## Task
Begin with the line holding "RANVET RACING OIL 20L" and end with the last line of the records below. Set down exactly those lines and leave out every picture.

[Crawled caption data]
[Start of Attachment]

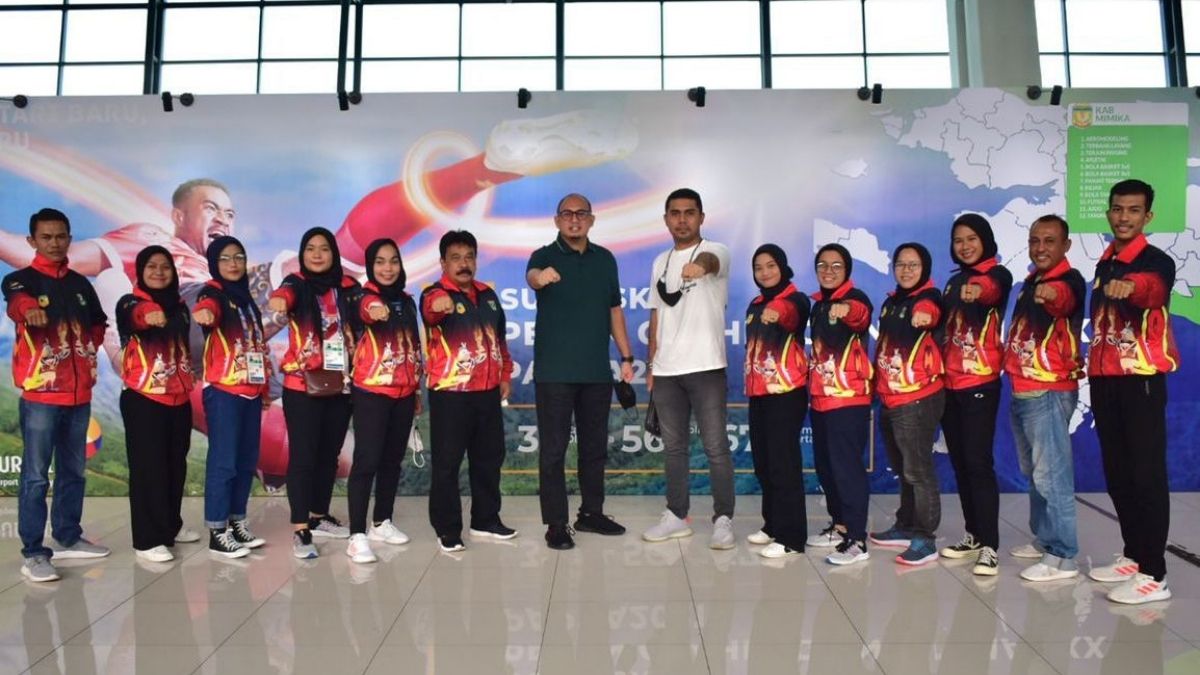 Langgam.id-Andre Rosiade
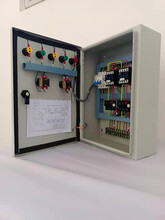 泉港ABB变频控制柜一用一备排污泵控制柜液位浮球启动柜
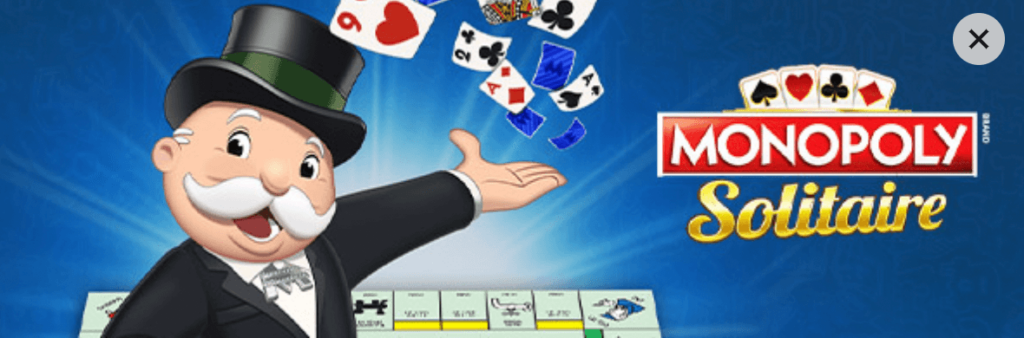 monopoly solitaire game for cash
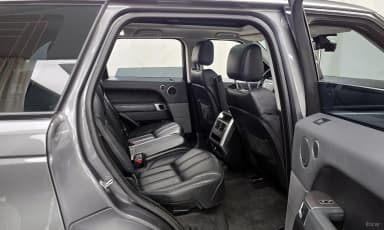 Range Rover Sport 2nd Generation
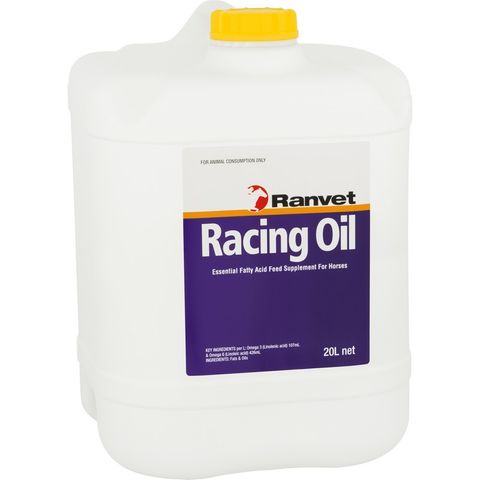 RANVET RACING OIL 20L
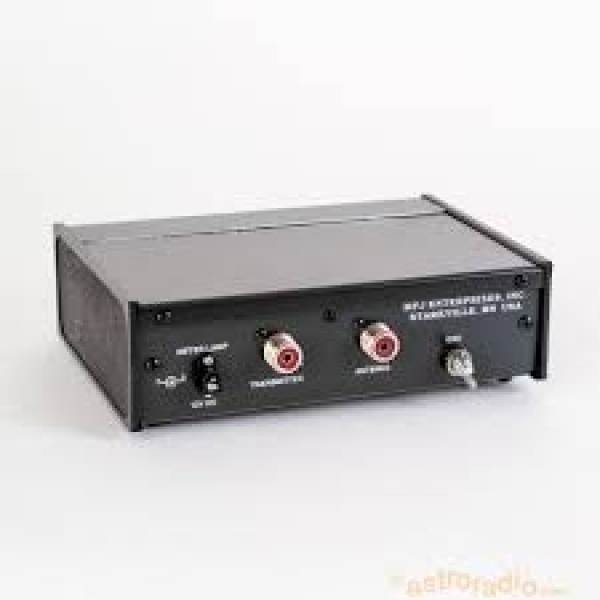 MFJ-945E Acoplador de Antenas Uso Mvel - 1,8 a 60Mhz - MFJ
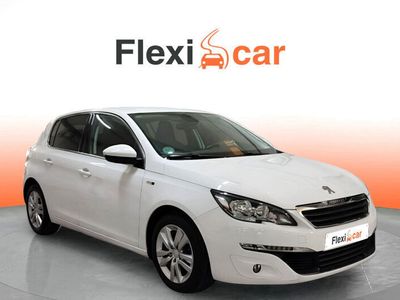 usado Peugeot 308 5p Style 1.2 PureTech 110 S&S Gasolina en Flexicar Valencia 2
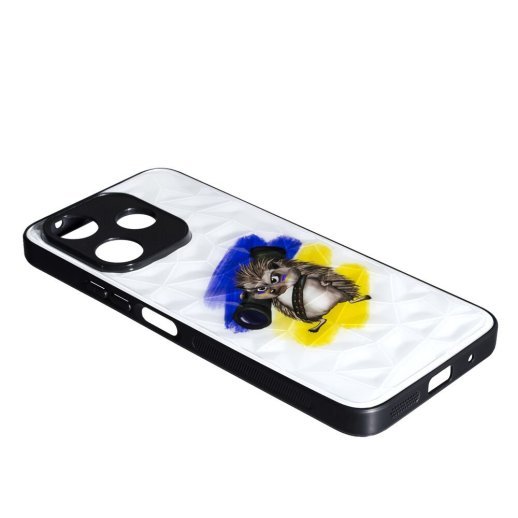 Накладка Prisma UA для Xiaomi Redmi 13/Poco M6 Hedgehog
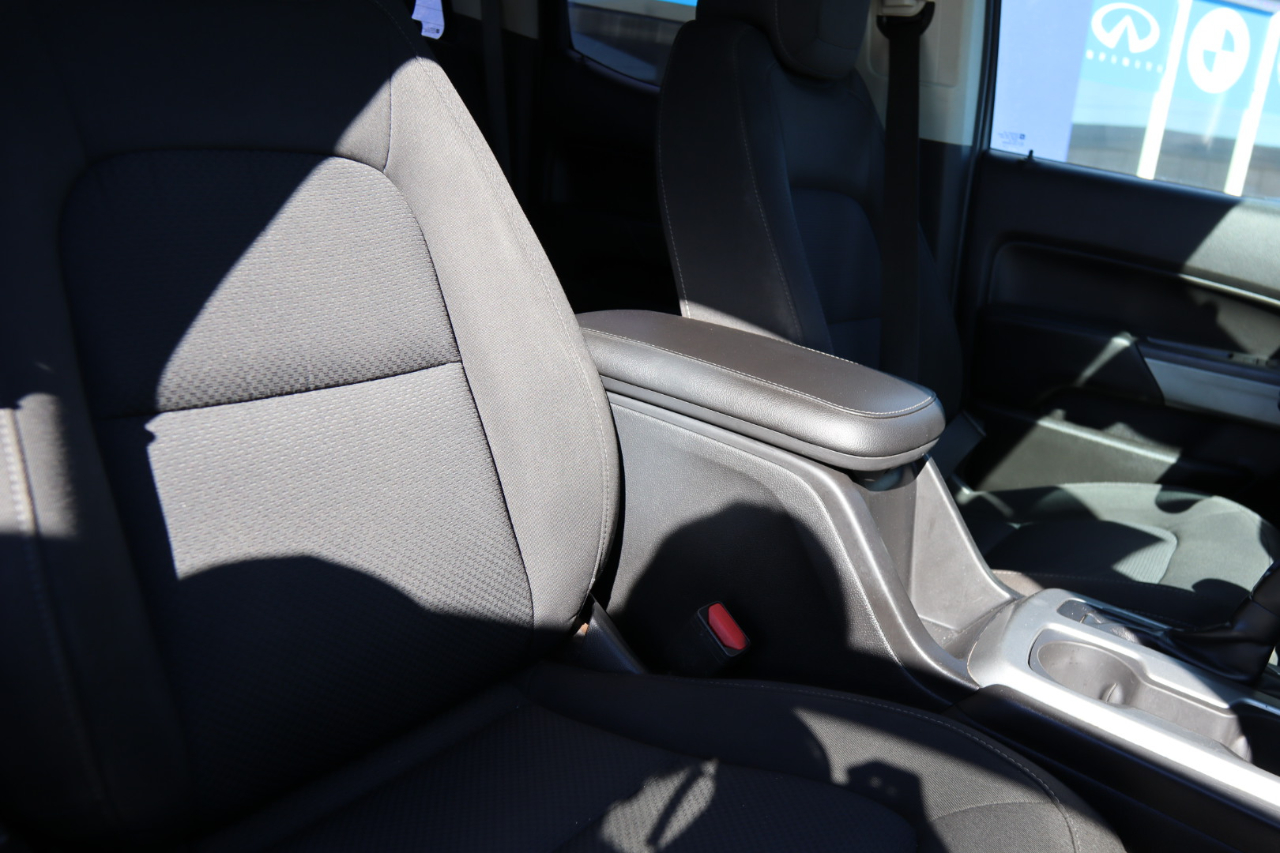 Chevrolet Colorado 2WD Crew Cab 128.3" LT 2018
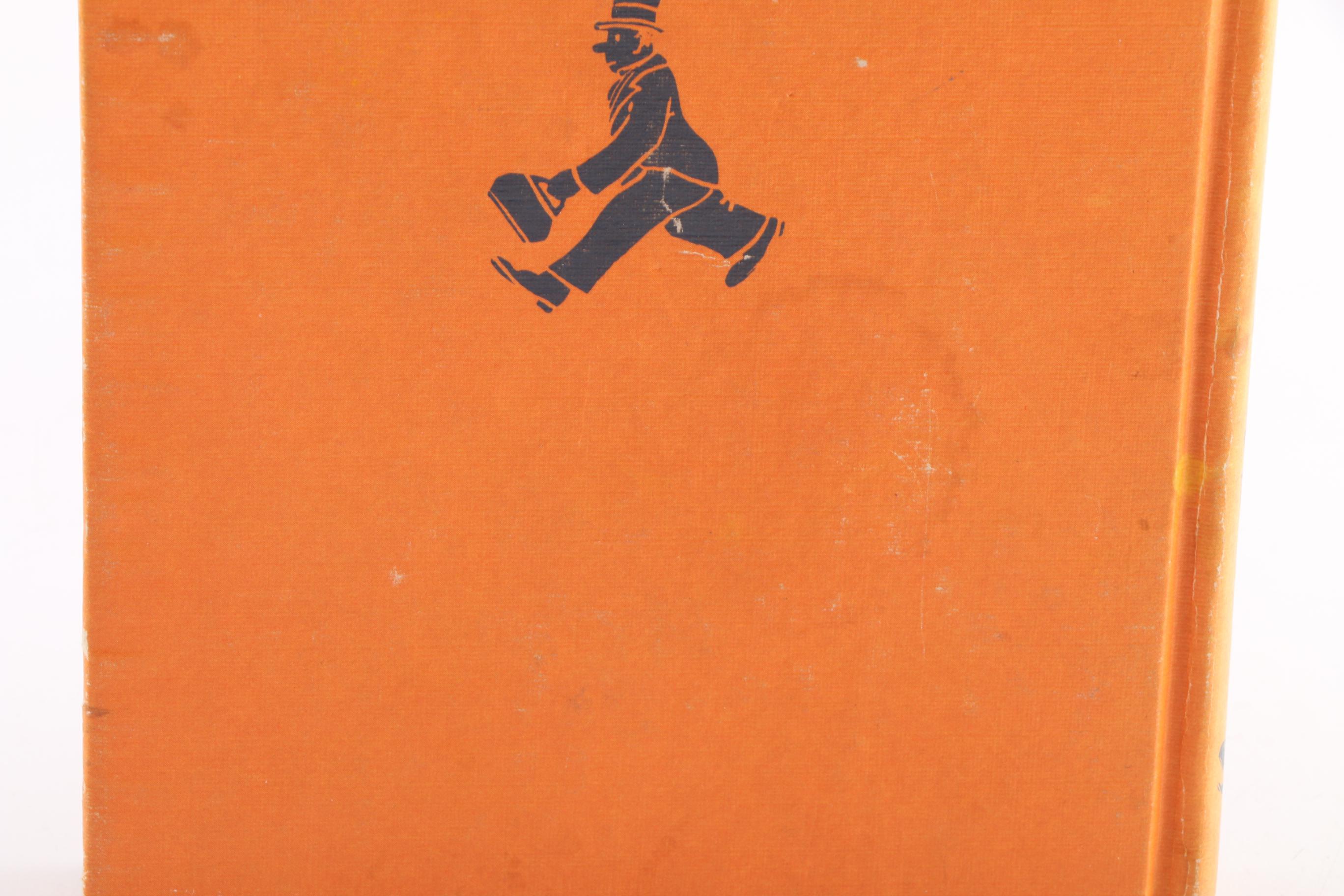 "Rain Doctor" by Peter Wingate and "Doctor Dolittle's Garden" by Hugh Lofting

[End of Attachment]

## Exercise result
 RANVET RACING OIL 20L
 MFJ-945E Acoplador de Antenas Uso Mvel - 1,8 a 60Mhz - MFJ
 usado Peugeot 308 5p Style 1.2 PureTech 110 S&S Gasolina en Flexicar Valencia 2
 Накладка Prisma UA для Xiaomi Redmi 13/Poco M6 Hedgehog
 Chevrolet Colorado 2WD Crew Cab 128.3" LT 2018
 "Rain Doctor" by Peter Wingate and "Doctor Dolittle's Garden" by Hugh Lofting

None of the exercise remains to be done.